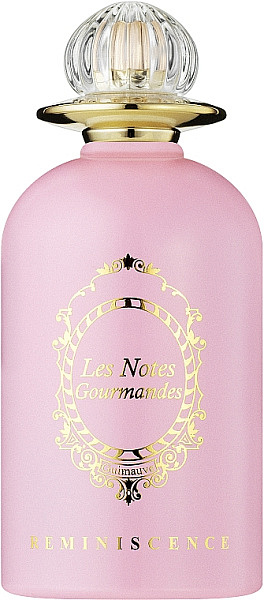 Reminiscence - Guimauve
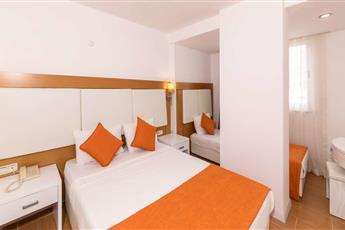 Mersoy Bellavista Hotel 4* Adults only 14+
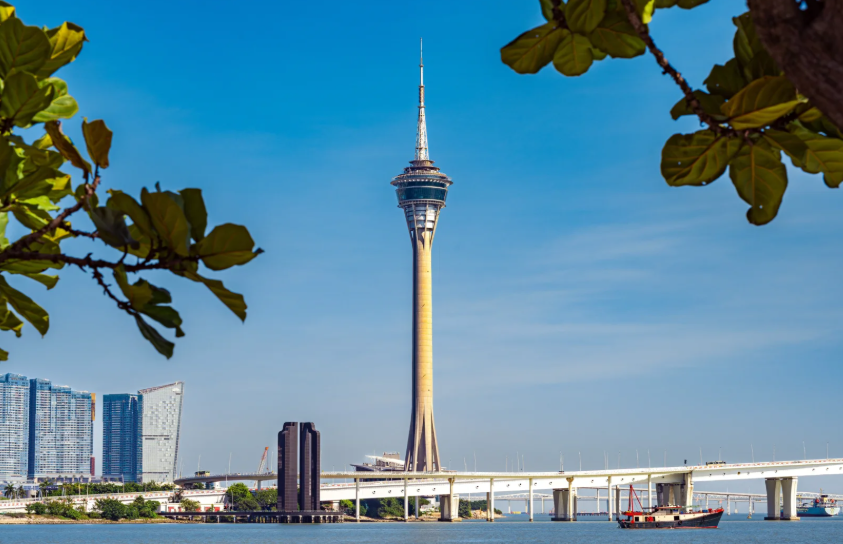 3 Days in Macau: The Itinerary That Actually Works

# Your instructions:
Could you give the material above again, exactly and without its pictures?

# Completed task:
 Reminiscence - Guimauve
 Mersoy Bellavista Hotel 4* Adults only 14+
 3 Days in Macau: The Itinerary That Actually Works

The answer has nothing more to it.